RECORDED INFORMATION →
____

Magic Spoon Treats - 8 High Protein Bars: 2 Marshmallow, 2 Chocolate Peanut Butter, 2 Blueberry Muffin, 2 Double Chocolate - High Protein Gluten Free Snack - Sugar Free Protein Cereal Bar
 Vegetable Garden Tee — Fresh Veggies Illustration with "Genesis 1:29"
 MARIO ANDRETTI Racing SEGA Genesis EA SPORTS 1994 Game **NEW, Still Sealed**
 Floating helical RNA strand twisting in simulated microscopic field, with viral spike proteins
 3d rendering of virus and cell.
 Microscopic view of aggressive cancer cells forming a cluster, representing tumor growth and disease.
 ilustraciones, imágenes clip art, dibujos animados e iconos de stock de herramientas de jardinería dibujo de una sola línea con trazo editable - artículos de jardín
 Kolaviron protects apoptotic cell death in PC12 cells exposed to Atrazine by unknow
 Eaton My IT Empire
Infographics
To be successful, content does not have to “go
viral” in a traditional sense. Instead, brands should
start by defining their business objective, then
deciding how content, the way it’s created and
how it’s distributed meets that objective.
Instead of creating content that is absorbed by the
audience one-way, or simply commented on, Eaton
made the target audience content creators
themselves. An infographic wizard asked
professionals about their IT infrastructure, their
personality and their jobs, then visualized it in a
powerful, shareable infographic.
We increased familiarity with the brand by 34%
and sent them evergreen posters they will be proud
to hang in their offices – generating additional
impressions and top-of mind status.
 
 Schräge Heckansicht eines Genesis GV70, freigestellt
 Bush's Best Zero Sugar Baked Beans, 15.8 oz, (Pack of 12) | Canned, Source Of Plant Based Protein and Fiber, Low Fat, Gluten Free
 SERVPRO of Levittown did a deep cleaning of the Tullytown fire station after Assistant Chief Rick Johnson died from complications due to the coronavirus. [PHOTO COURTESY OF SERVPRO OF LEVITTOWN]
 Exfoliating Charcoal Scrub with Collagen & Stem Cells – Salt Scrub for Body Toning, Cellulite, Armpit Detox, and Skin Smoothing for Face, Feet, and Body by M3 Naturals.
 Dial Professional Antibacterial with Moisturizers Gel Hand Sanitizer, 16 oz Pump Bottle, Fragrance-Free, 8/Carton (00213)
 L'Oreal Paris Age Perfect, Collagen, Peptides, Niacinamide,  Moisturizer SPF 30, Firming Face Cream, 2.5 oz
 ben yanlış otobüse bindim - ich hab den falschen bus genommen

____

TASK BRIEF →
Would you retype exactly the lines above, from the line with "We increased familiarity" to the line with "Schräge Heckansicht eines", with both end lines kept and nothing more?

ANSWER SPACE →
We increased familiarity with the brand by 34%
and sent them evergreen posters they will be proud
to hang in their offices – generating additional
impressions and top-of mind status.
 
 Schräge Heckansicht eines Genesis GV70, freigestellt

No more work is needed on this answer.